• **Work instruction**
For this exercise, retype all the data exactly and exclude every image.

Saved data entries
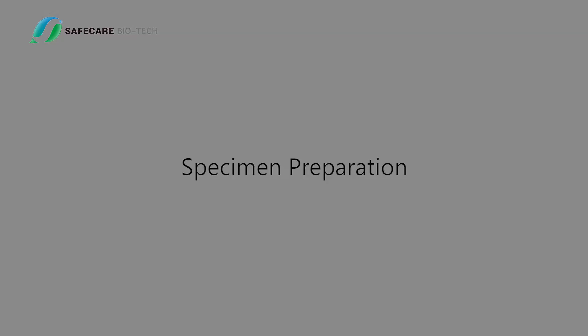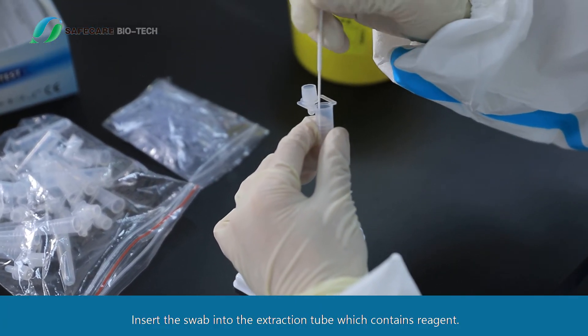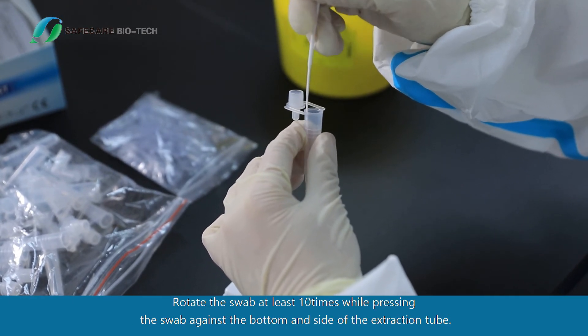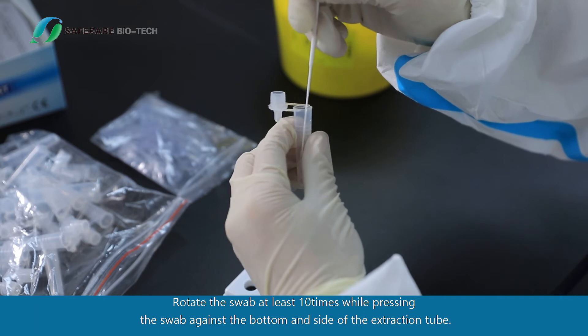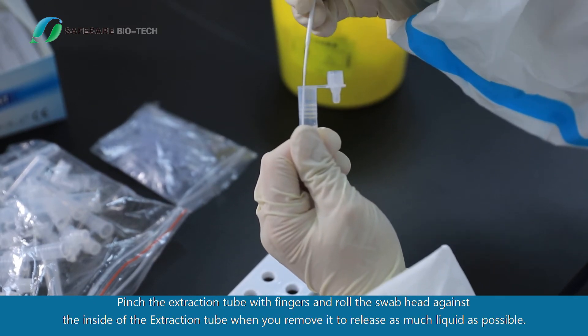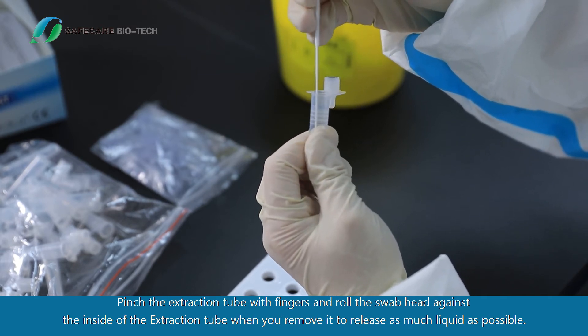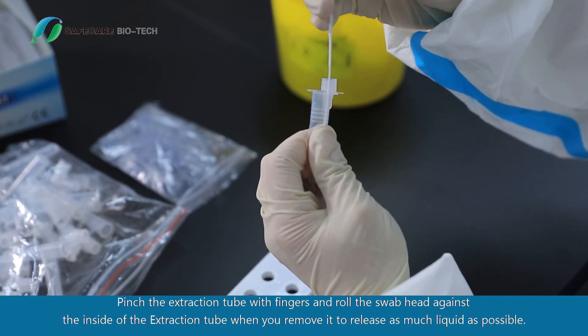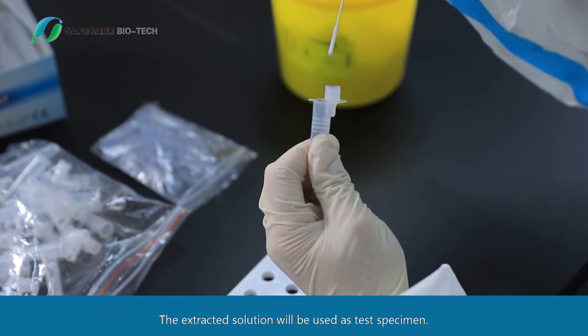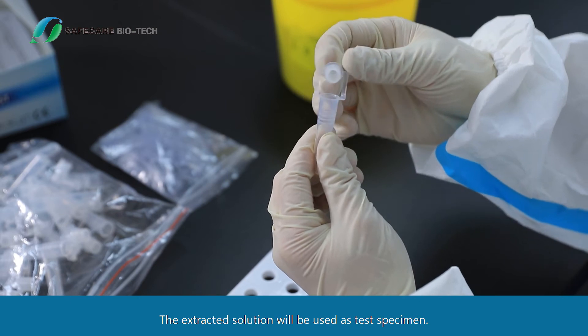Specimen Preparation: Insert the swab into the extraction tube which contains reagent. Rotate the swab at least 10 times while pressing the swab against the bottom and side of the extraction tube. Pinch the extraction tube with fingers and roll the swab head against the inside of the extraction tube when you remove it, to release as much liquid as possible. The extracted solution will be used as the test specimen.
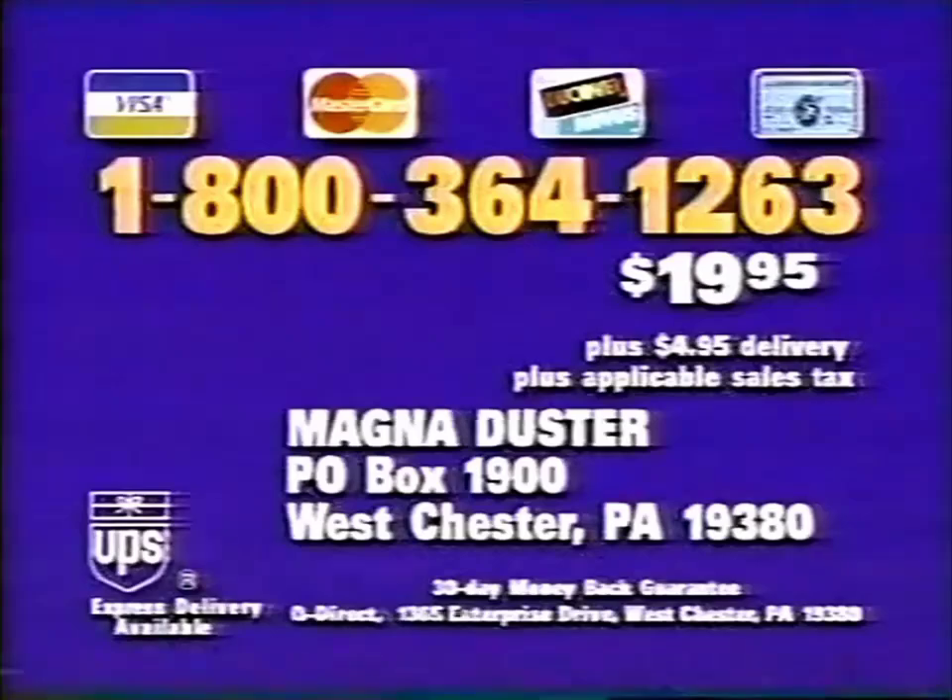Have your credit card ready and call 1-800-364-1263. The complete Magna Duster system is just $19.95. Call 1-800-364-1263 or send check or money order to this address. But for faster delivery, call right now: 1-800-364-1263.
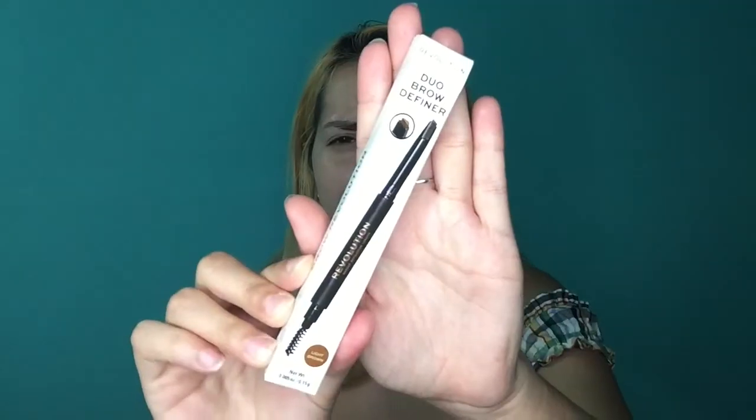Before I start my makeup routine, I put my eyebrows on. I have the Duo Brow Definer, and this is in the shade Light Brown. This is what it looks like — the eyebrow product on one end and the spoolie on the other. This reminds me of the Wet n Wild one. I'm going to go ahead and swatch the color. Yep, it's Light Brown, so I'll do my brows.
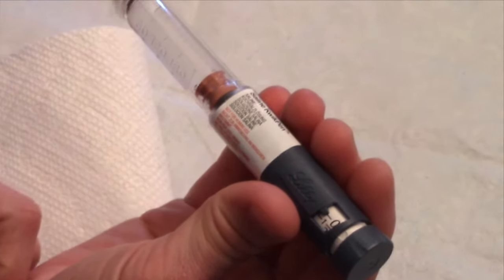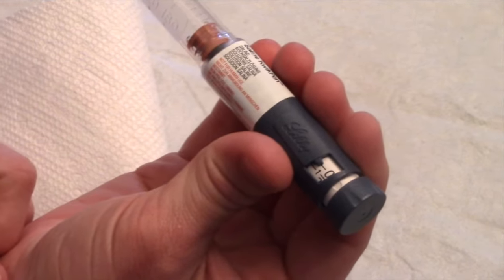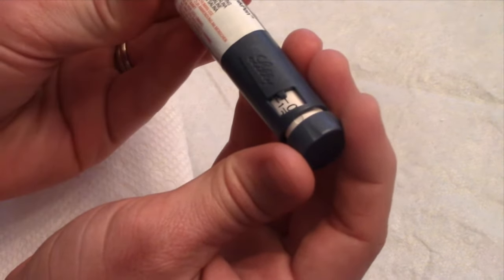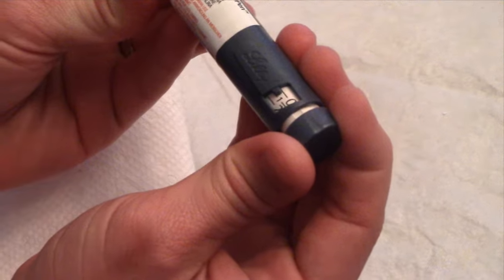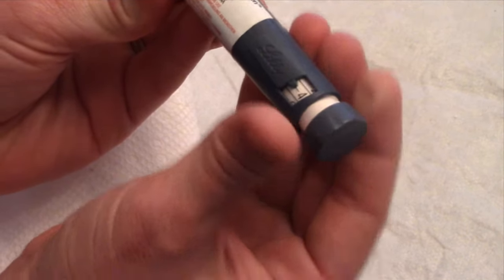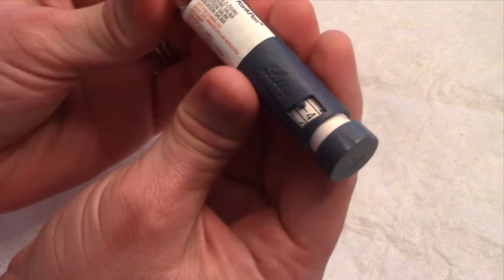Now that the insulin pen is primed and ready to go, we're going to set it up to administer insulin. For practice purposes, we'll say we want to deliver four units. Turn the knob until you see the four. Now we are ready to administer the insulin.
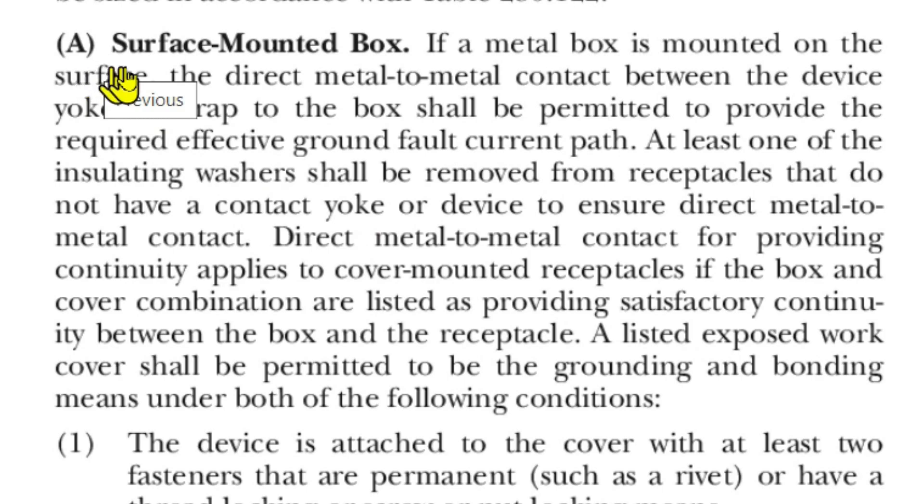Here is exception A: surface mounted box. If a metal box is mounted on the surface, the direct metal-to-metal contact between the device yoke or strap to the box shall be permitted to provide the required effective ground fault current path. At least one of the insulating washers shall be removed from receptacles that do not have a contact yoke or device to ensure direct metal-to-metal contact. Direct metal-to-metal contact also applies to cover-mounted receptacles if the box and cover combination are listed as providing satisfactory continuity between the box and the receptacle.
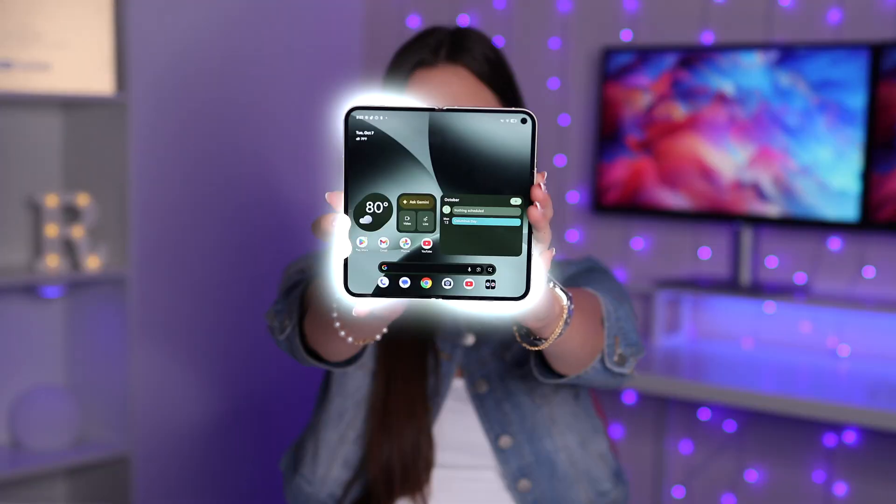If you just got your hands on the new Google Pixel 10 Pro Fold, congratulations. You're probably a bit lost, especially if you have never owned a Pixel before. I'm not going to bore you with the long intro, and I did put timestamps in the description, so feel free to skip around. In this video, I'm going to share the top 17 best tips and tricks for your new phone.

• **Solution to this problem**
Specimen Preparation: Insert the swab into the extraction tube which contains reagent. Rotate the swab at least 10 times while pressing the swab against the bottom and side of the extraction tube. Pinch the extraction tube with fingers and roll the swab head against the inside of the extraction tube when you remove it, to release as much liquid as possible. The extracted solution will be used as the test specimen.
Have your credit card ready and call 1-800-364-1263. The complete Magna Duster system is just $19.95. Call 1-800-364-1263 or send check or money order to this address. But for faster delivery, call right now: 1-800-364-1263.
Before I start my makeup routine, I put my eyebrows on. I have the Duo Brow Definer, and this is in the shade Light Brown. This is what it looks like — the eyebrow product on one end and the spoolie on the other. This reminds me of the Wet n Wild one. I'm going to go ahead and swatch the color. Yep, it's Light Brown, so I'll do my brows.
Now that the insulin pen is primed and ready to go, we're going to set it up to administer insulin. For practice purposes, we'll say we want to deliver four units. Turn the knob until you see the four. Now we are ready to administer the insulin.
Here is exception A: surface mounted box. If a metal box is mounted on the surface, the direct metal-to-metal contact between the device yoke or strap to the box shall be permitted to provide the required effective ground fault current path. At least one of the insulating washers shall be removed from receptacles that do not have a contact yoke or device to ensure direct metal-to-metal contact. Direct metal-to-metal contact also applies to cover-mounted receptacles if the box and cover combination are listed as providing satisfactory continuity between the box and the receptacle.
If you just got your hands on the new Google Pixel 10 Pro Fold, congratulations. You're probably a bit lost, especially if you have never owned a Pixel before. I'm not going to bore you with the long intro, and I did put timestamps in the description, so feel free to skip around. In this video, I'm going to share the top 17 best tips and tricks for your new phone.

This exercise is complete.